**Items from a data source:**
▼▼▼
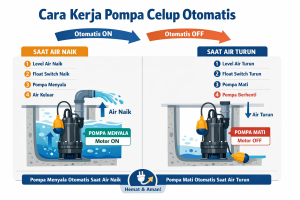 Pompa Celup Otomatis: Fungsi, Cara Kerja, dan Rekomendasi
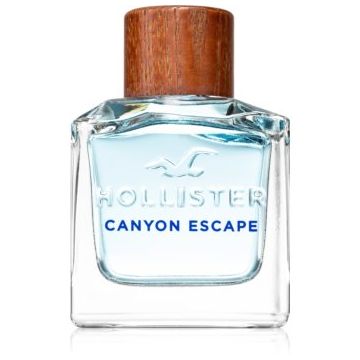 Hollister Canyon Escape for Him Eau de Toilette pentru bărbați de firma original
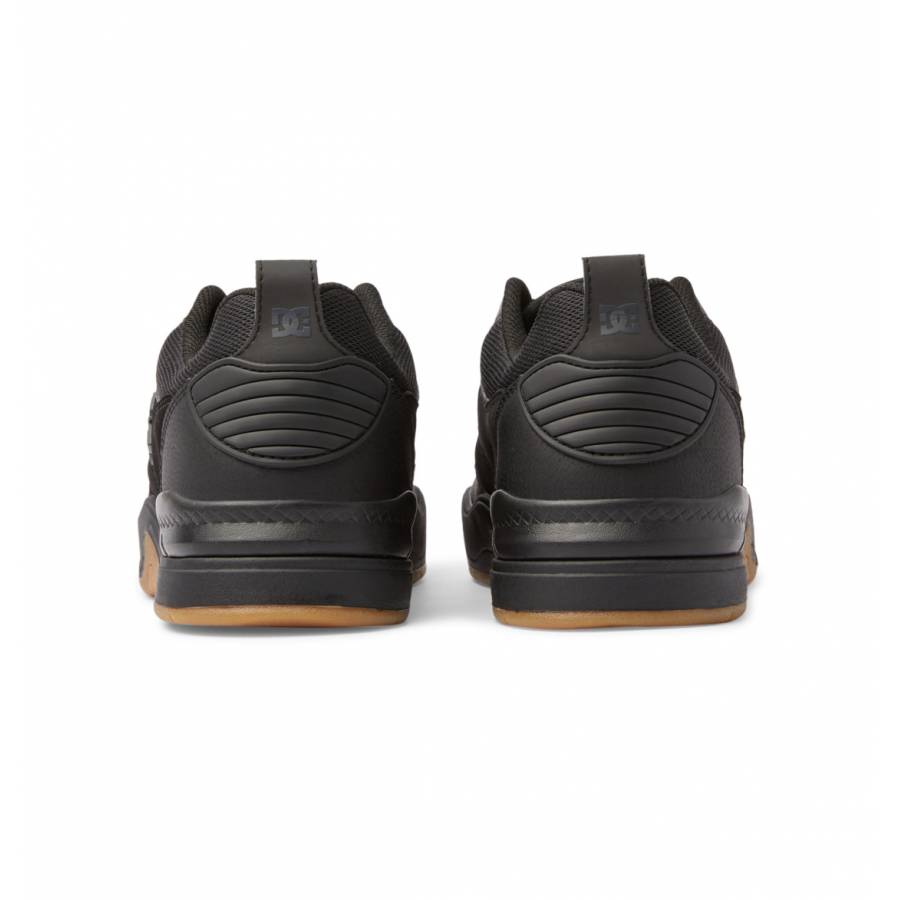 DC Shoes Ascend Lace-Up Shoes - Black / Gum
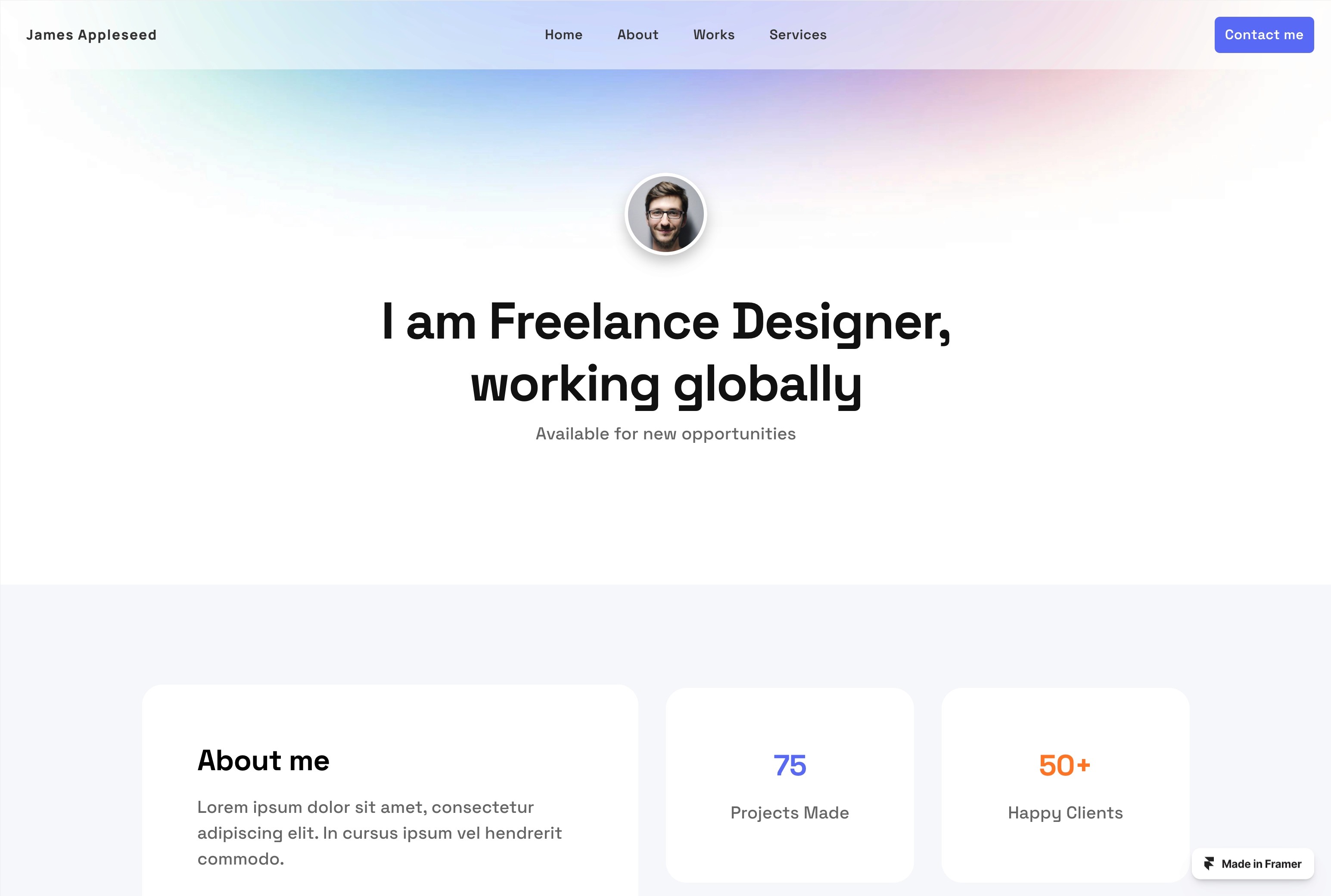 Screenshot 3 of Designfolio
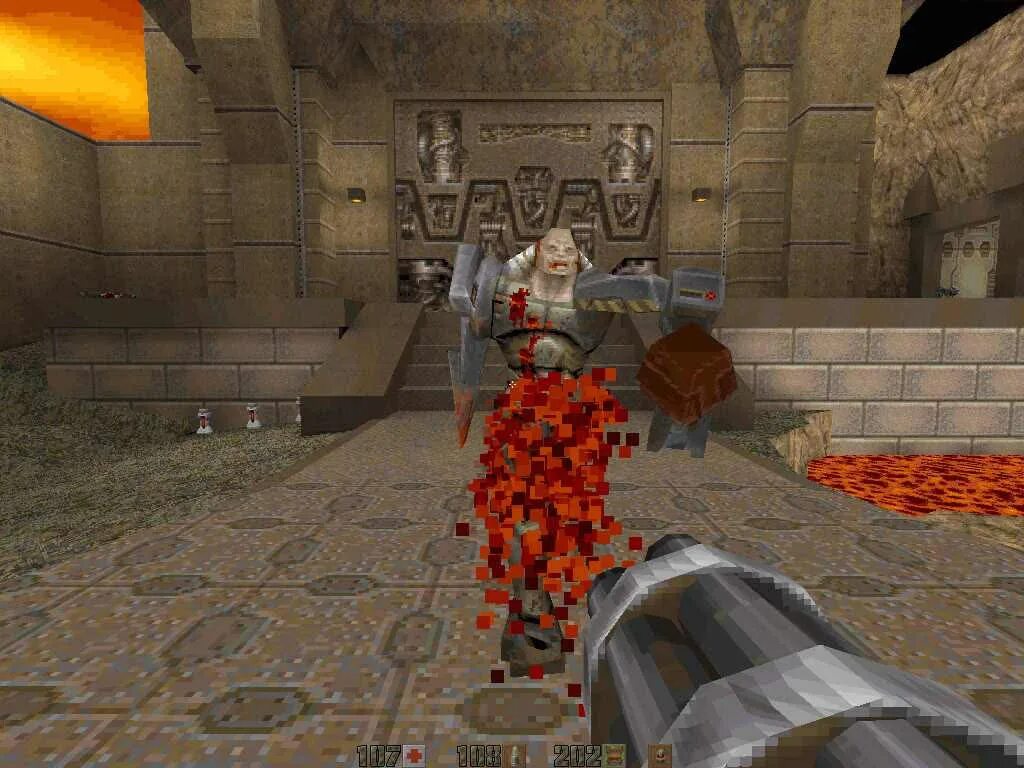 Игра компьютерная выборы. Квейк игра. Игра Quake 2. Quake II (1997). Quake 1996 1997.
▲▲▲
**Instructions for the task:** Give again, word for word, only the lines from the one with "DC Shoes Ascend Lace-Up Shoes - Black / Gum" through the last line of the entries, both included; no pictures go in the copy.

**Answer to this problem:**
 DC Shoes Ascend Lace-Up Shoes - Black / Gum
 Screenshot 3 of Designfolio
 Игра компьютерная выборы. Квейк игра. Игра Quake 2. Quake II (1997). Quake 1996 1997.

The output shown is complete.